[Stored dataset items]
• • • • •

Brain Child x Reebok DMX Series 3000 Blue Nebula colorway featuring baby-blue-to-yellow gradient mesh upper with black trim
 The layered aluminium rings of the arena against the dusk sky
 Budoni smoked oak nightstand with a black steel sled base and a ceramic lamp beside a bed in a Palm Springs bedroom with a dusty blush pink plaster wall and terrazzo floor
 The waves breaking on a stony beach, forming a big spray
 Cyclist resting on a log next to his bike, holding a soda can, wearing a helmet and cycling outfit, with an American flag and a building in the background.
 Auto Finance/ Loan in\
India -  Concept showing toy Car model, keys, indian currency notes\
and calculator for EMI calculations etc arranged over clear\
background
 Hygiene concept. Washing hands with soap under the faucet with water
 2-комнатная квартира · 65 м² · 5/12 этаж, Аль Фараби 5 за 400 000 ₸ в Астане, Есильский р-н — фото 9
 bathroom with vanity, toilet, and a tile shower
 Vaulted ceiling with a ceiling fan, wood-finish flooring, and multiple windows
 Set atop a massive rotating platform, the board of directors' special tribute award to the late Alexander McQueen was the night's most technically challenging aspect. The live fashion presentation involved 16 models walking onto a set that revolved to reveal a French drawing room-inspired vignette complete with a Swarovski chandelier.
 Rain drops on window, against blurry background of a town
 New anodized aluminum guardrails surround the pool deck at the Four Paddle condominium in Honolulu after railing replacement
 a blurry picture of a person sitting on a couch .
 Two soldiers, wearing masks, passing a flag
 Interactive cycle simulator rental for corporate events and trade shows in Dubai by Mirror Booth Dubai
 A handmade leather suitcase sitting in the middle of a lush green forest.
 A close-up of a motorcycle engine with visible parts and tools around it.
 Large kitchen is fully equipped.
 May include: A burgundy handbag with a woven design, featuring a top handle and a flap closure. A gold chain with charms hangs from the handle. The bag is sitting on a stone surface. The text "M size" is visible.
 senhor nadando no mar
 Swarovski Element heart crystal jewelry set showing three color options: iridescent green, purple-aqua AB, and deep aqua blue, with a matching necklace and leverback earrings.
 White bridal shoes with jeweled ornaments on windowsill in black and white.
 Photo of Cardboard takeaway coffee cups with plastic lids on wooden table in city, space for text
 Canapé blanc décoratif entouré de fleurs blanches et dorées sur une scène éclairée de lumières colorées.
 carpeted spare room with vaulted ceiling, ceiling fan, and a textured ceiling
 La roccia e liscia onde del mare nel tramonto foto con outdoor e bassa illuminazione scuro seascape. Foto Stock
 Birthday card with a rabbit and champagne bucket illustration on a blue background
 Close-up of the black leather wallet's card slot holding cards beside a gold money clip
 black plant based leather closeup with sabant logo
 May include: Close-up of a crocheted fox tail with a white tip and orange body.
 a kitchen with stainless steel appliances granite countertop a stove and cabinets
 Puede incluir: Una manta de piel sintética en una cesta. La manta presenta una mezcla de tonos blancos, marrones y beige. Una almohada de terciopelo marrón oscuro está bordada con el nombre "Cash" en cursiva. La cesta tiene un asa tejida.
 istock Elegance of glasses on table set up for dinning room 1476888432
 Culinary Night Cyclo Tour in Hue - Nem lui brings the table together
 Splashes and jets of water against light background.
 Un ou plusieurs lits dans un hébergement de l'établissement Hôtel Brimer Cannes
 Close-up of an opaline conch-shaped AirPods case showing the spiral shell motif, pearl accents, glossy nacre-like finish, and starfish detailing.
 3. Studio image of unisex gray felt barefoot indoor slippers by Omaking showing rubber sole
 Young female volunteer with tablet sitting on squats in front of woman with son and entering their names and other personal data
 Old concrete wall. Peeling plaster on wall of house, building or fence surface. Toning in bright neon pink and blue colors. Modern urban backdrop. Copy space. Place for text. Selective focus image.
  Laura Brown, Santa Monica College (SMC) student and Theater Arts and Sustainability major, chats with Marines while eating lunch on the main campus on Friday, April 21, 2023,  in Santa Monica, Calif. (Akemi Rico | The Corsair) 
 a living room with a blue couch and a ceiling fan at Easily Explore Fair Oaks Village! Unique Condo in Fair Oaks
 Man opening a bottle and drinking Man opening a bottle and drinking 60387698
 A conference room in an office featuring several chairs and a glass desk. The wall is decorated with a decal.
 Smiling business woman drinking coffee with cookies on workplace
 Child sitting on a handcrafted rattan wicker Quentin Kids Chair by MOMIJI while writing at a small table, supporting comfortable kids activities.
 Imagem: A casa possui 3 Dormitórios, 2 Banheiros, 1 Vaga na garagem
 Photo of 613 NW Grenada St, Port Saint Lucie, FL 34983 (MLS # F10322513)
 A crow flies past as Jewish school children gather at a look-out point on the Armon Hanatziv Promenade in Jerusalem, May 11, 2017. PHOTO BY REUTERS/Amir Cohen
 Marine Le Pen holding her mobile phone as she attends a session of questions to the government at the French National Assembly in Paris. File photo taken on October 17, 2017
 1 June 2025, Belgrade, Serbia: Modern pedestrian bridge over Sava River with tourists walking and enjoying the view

• • • • •

What to produce:
Every record above is to be restated exactly as it reads.

Reply:
Brain Child x Reebok DMX Series 3000 Blue Nebula colorway featuring baby-blue-to-yellow gradient mesh upper with black trim
 The layered aluminium rings of the arena against the dusk sky
 Budoni smoked oak nightstand with a black steel sled base and a ceramic lamp beside a bed in a Palm Springs bedroom with a dusty blush pink plaster wall and terrazzo floor
 The waves breaking on a stony beach, forming a big spray
 Cyclist resting on a log next to his bike, holding a soda can, wearing a helmet and cycling outfit, with an American flag and a building in the background.
 Auto Finance/ Loan in\
India -  Concept showing toy Car model, keys, indian currency notes\
and calculator for EMI calculations etc arranged over clear\
background
 Hygiene concept. Washing hands with soap under the faucet with water
 2-комнатная квартира · 65 м² · 5/12 этаж, Аль Фараби 5 за 400 000 ₸ в Астане, Есильский р-н — фото 9
 bathroom with vanity, toilet, and a tile shower
 Vaulted ceiling with a ceiling fan, wood-finish flooring, and multiple windows
 Set atop a massive rotating platform, the board of directors' special tribute award to the late Alexander McQueen was the night's most technically challenging aspect. The live fashion presentation involved 16 models walking onto a set that revolved to reveal a French drawing room-inspired vignette complete with a Swarovski chandelier.
 Rain drops on window, against blurry background of a town
 New anodized aluminum guardrails surround the pool deck at the Four Paddle condominium in Honolulu after railing replacement
 a blurry picture of a person sitting on a couch .
 Two soldiers, wearing masks, passing a flag
 Interactive cycle simulator rental for corporate events and trade shows in Dubai by Mirror Booth Dubai
 A handmade leather suitcase sitting in the middle of a lush green forest.
 A close-up of a motorcycle engine with visible parts and tools around it.
 Large kitchen is fully equipped.
 May include: A burgundy handbag with a woven design, featuring a top handle and a flap closure. A gold chain with charms hangs from the handle. The bag is sitting on a stone surface. The text "M size" is visible.
 senhor nadando no mar
 Swarovski Element heart crystal jewelry set showing three color options: iridescent green, purple-aqua AB, and deep aqua blue, with a matching necklace and leverback earrings.
 White bridal shoes with jeweled ornaments on windowsill in black and white.
 Photo of Cardboard takeaway coffee cups with plastic lids on wooden table in city, space for text
 Canapé blanc décoratif entouré de fleurs blanches et dorées sur une scène éclairée de lumières colorées.
 carpeted spare room with vaulted ceiling, ceiling fan, and a textured ceiling
 La roccia e liscia onde del mare nel tramonto foto con outdoor e bassa illuminazione scuro seascape. Foto Stock
 Birthday card with a rabbit and champagne bucket illustration on a blue background
 Close-up of the black leather wallet's card slot holding cards beside a gold money clip
 black plant based leather closeup with sabant logo
 May include: Close-up of a crocheted fox tail with a white tip and orange body.
 a kitchen with stainless steel appliances granite countertop a stove and cabinets
 Puede incluir: Una manta de piel sintética en una cesta. La manta presenta una mezcla de tonos blancos, marrones y beige. Una almohada de terciopelo marrón oscuro está bordada con el nombre "Cash" en cursiva. La cesta tiene un asa tejida.
 istock Elegance of glasses on table set up for dinning room 1476888432
 Culinary Night Cyclo Tour in Hue - Nem lui brings the table together
 Splashes and jets of water against light background.
 Un ou plusieurs lits dans un hébergement de l'établissement Hôtel Brimer Cannes
 Close-up of an opaline conch-shaped AirPods case showing the spiral shell motif, pearl accents, glossy nacre-like finish, and starfish detailing.
 3. Studio image of unisex gray felt barefoot indoor slippers by Omaking showing rubber sole
 Young female volunteer with tablet sitting on squats in front of woman with son and entering their names and other personal data
 Old concrete wall. Peeling plaster on wall of house, building or fence surface. Toning in bright neon pink and blue colors. Modern urban backdrop. Copy space. Place for text. Selective focus image.
  Laura Brown, Santa Monica College (SMC) student and Theater Arts and Sustainability major, chats with Marines while eating lunch on the main campus on Friday, April 21, 2023,  in Santa Monica, Calif. (Akemi Rico | The Corsair) 
 a living room with a blue couch and a ceiling fan at Easily Explore Fair Oaks Village! Unique Condo in Fair Oaks
 Man opening a bottle and drinking Man opening a bottle and drinking 60387698
 A conference room in an office featuring several chairs and a glass desk. The wall is decorated with a decal.
 Smiling business woman drinking coffee with cookies on workplace
 Child sitting on a handcrafted rattan wicker Quentin Kids Chair by MOMIJI while writing at a small table, supporting comfortable kids activities.
 Imagem: A casa possui 3 Dormitórios, 2 Banheiros, 1 Vaga na garagem
 Photo of 613 NW Grenada St, Port Saint Lucie, FL 34983 (MLS # F10322513)
 A crow flies past as Jewish school children gather at a look-out point on the Armon Hanatziv Promenade in Jerusalem, May 11, 2017. PHOTO BY REUTERS/Amir Cohen
 Marine Le Pen holding her mobile phone as she attends a session of questions to the government at the French National Assembly in Paris. File photo taken on October 17, 2017
 1 June 2025, Belgrade, Serbia: Modern pedestrian bridge over Sava River with tourists walking and enjoying the view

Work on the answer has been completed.